Jehdy has always taken a journalistic approach to her work. Her process is composed of shooting, printing, pasting, painting, scanning, painting and repeating until the primary mechanic image is lost. Sometimes, replacing the traditional canvas, there is a necessity to incorporate found objects to carry the picture. Through this process she examines and re-creates past and present. Using photography as an object to create art that exemplifies transfiguration. Past and present experiences take on a new physical form.
Jehdy recently completed two 5 month residency at Mana Contemporary Art center provided through Martin and Lorraine Kaminsky studio program. She has participated in many group shows including: ESKFF 2x2 Exhibition at Mana Contemporary, ESKFF Paddel 8 auction exhibited at Mana Contemporary, exhibition at Made In America’s Artist and Culture Village in Philadelphia, The All Female Last Brucennial’s exhibited through Bruce High Quality and Vito Schnabel in New York City, Brooklyn Museum’s Go Open Studios, and Sound of Art Group show at Heath Gallery in Harlem, Group show at Trestle Art Gallery, Performance Art pieces at MOMA PS1 and curated art fundraising art auction called The Hood art Auction for group of orphaned children that she has worked for in the Domibican Republic.

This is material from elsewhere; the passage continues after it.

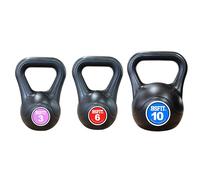 BSFIT Pesa Rusa Kettlebell Fabricada en España, Agarre Ergonómico, Base Estable, Entrenamiento de Fuerza y Fitness, 3 a 14 kg (SET 3-6 Y 10KG)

Growing up I was exposed to a lot of things that most people would call socially unacceptable or taboo. One of those things was the practicing of Santeria. Santeria is a Syncretic religion of West Africa and the Caribbean. It’s origin influenced by Roman Catholic Christianity. Aspects of this origin are mixed with rituals that vary greatly. Most people associate it with black magic or witchcraft.
I have vivid memories of my grandmother walking on fire and broken glass. She would perform spiritual rituals to bring people back spirits from the dead. I remember being young and wanting to eat the candy that my grandmother would leave out for the “saints” as offerings and I would get in trouble if I attempted to eat them from her altars. The memories I have from this time in my life are very animated and distinct. They are striking, colorful, vibrant images that I find beautiful to paint.
In my body of work I pulled from my memories utilizing a combination old photographs from my childhood as well as new ones I take reenacting certain scenarios from past ceremonies. As I am creating the work, I am thinking about my cultural and African diaspora and how my grandmother would of never started this practice if it wasn’t for my ancestors. I found all of her spells and altars disturbing, but also beautiful as a child. I couldn’t but help to find it strangely romantic that she would do anything in the world to bring love to her 11 children. With the constant love spell or candle ceremonies followed by Pallo parties—in hopes to reach some sort of spiritual belief that by doing so she would reach some sort of subconscious truth.
I have been documenting memories into finite objects of self-reflection and identity, making a stamp or map on the moment occurred in a journalistic approach of attempting to record. This ethnographical recording can be seen in my Santeria Love Spell Instillation. Growing up in Dominican Republic and in New York I experienced the African diaspora as young American girl. Trying to understand why my aunt would light a cross on the floor with Florida Water on a New York City apartment in the Bronx and walk over it in hopes of “cleansing” the apt of bad spirits and to open her self up to new found love. I document these events from my past as a technique of self-representation that is not of stable form, but in constant fluctuation. My past and present experiences are transformed from ephemeral memory into a finite physical form through art. I create autobiographical work as a form of transformation, while at the same time using my art as an opportunity to cathartically purge my lived experiences. By transforming photographs into objects and collaging them onto other objects I re-examine the past. Through art I romanticize the often disturbing and uncomfortable parts of the human existence and realities of my life. By utilizing art as a means of consciousness in my own surrounding, I can mentally, emotionally, and physically record the changes that occurred.